Records supplied ▸
Content starts
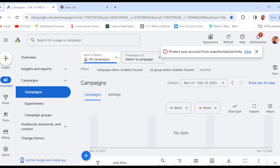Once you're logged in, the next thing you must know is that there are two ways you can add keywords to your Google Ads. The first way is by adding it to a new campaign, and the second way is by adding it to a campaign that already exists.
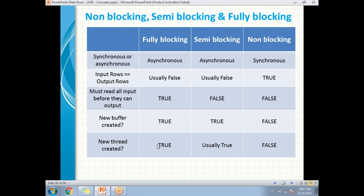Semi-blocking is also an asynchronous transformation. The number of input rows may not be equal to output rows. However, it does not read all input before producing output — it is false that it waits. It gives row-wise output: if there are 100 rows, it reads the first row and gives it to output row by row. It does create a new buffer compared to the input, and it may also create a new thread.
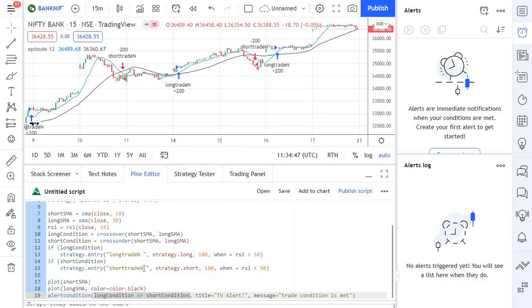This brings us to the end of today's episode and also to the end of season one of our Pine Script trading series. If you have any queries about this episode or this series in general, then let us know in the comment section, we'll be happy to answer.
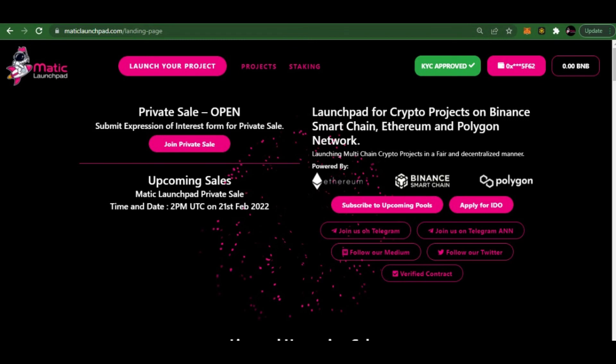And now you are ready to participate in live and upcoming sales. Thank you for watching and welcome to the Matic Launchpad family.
Content ends
Content starts
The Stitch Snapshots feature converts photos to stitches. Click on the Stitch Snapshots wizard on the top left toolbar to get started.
Content ends
Content starts
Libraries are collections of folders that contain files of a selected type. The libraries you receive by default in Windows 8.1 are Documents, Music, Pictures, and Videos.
Content ends
What you should do ▸
Give again the stretch of lines above from the one with "Once you're logged" through the one with "And now you", both ends kept, and copy no pictures.

Answer for this exercise ▸
Once you're logged in, the next thing you must know is that there are two ways you can add keywords to your Google Ads. The first way is by adding it to a new campaign, and the second way is by adding it to a campaign that already exists.
Semi-blocking is also an asynchronous transformation. The number of input rows may not be equal to output rows. However, it does not read all input before producing output — it is false that it waits. It gives row-wise output: if there are 100 rows, it reads the first row and gives it to output row by row. It does create a new buffer compared to the input, and it may also create a new thread.
This brings us to the end of today's episode and also to the end of season one of our Pine Script trading series. If you have any queries about this episode or this series in general, then let us know in the comment section, we'll be happy to answer.
And now you are ready to participate in live and upcoming sales. Thank you for watching and welcome to the Matic Launchpad family.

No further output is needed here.